### What the task requires
The text of every record, exactly as given and with no pictures, should be your output.

[Brief descriptive captions]

================

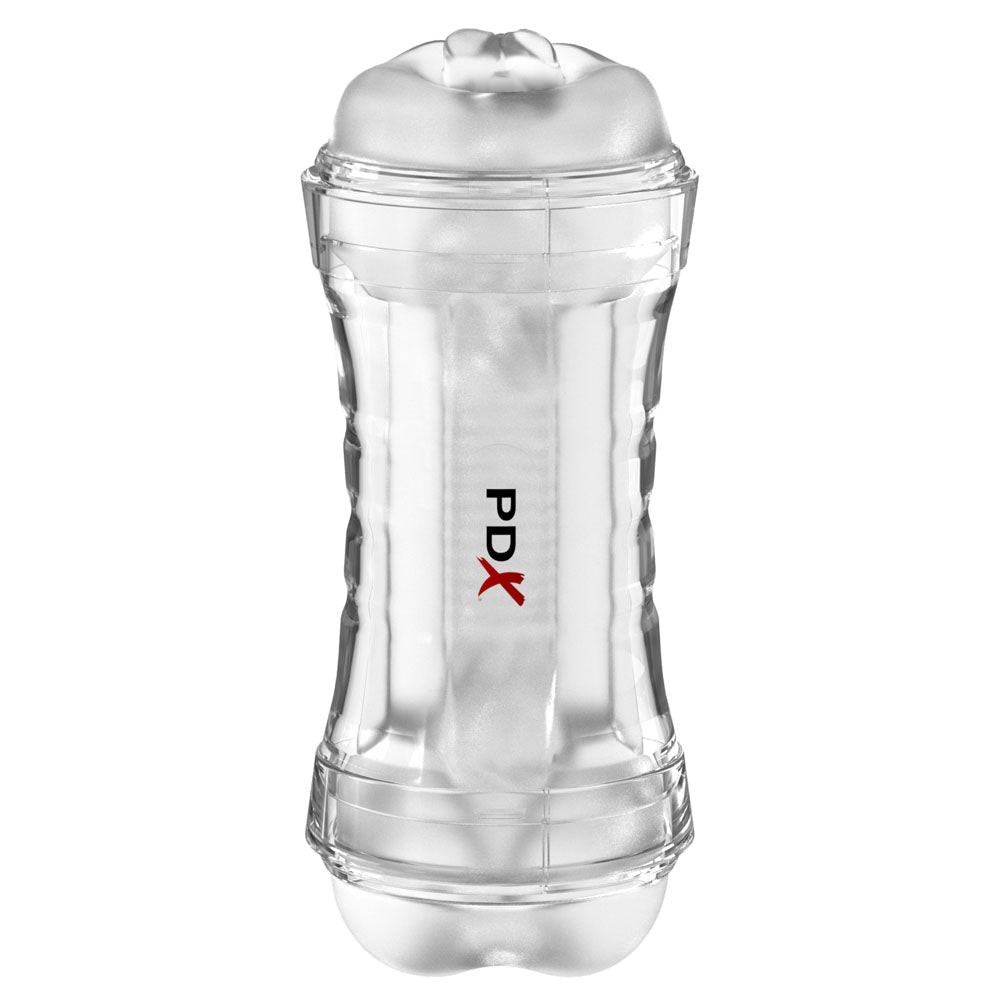 PDX Wet Pussies Super Flip-A-Pussy Over - Clear Dual Ended Self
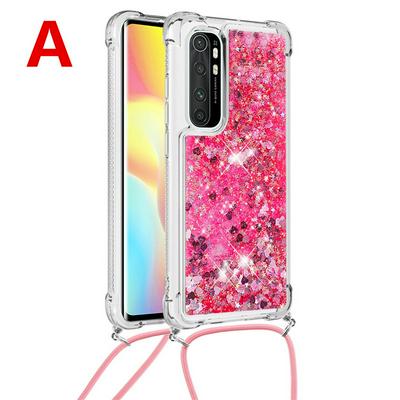 Airbag TPU Case for Xiaomi Mi Note 10 Lite Anti-fall Scratch Resistant Quicksand Back Phone Cover with Lanyard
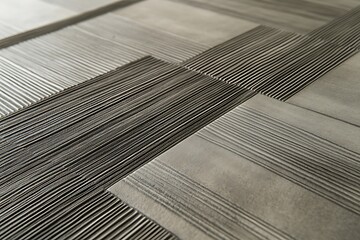 Poster - Textured surface with linear patterns in shades of gray, possibly for design or architecture.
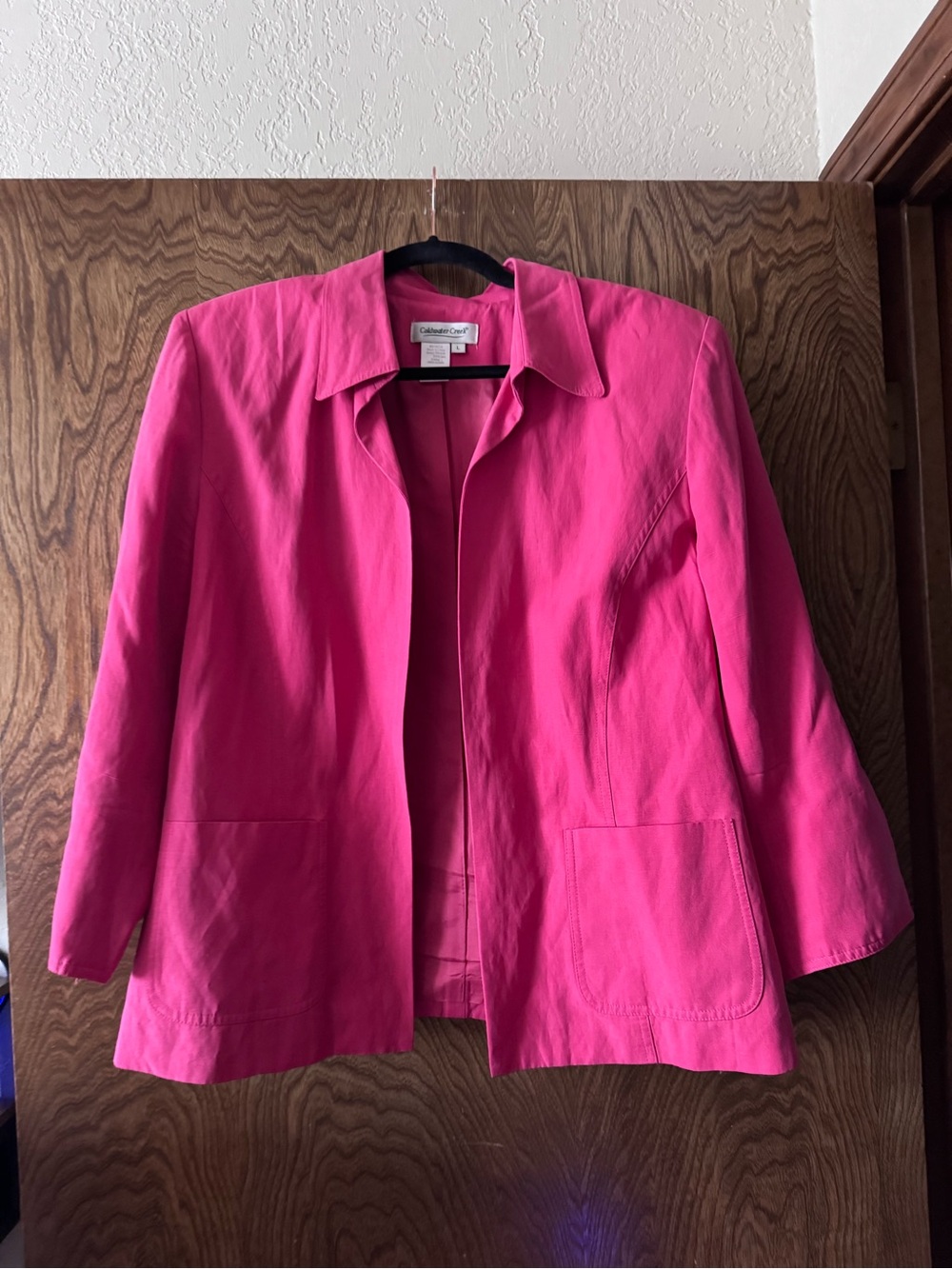 Coldwater Creek Bright Pink Open-Front Blazer Jacket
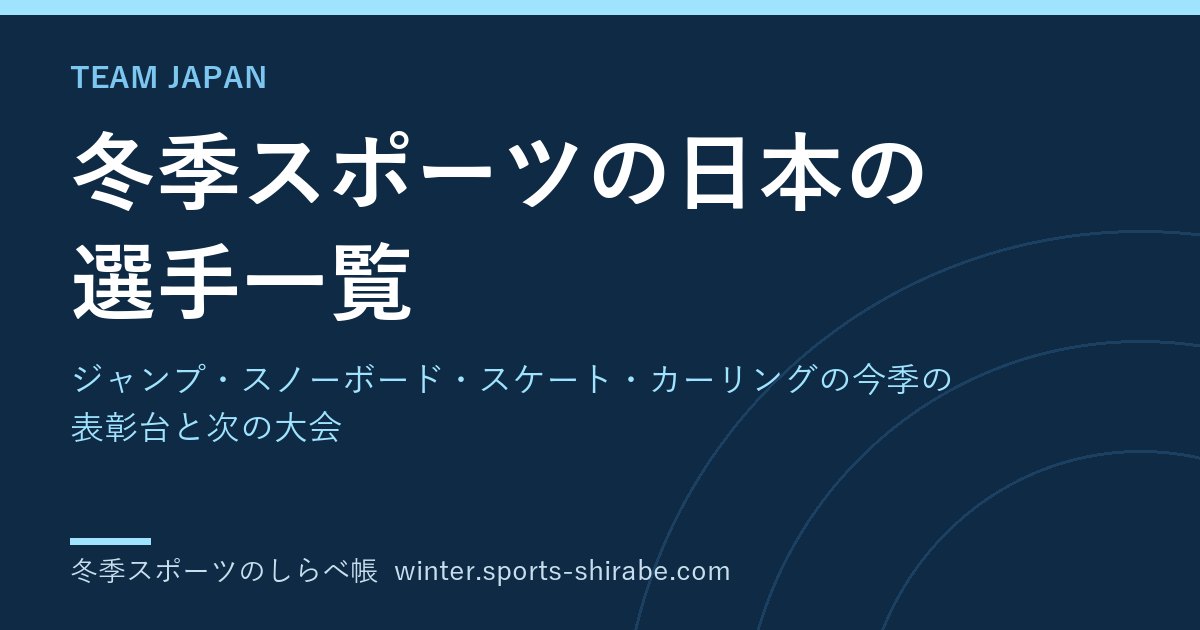 冬季スポーツの日本の選手一覧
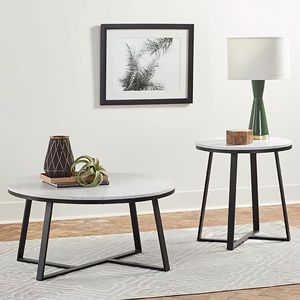 Matte Black and <b>White</b> Faux Marble <b>End</b> <b>Table</b> Stylish Coffee <b>Table</b> Design - Product Image 5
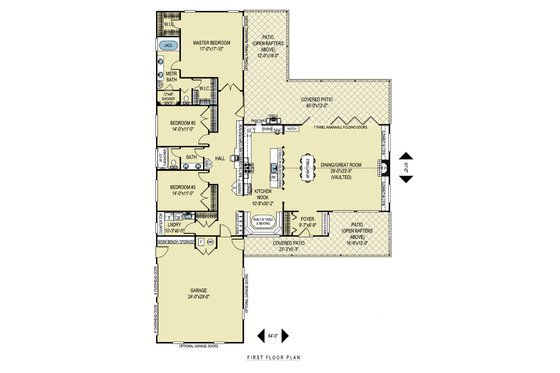 Floor Plan - Main Floor for Ranch House Plan #436-1 - 3 bed, 2 bath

================

### Answer box
 PDX Wet Pussies Super Flip-A-Pussy Over - Clear Dual Ended Self
 Airbag TPU Case for Xiaomi Mi Note 10 Lite Anti-fall Scratch Resistant Quicksand Back Phone Cover with Lanyard
 Poster - Textured surface with linear patterns in shades of gray, possibly for design or architecture.
 Coldwater Creek Bright Pink Open-Front Blazer Jacket
 冬季スポーツの日本の選手一覧
 Matte Black and <b>White</b> Faux Marble <b>End</b> <b>Table</b> Stylish Coffee <b>Table</b> Design - Product Image 5
 Floor Plan - Main Floor for Ranch House Plan #436-1 - 3 bed, 2 bath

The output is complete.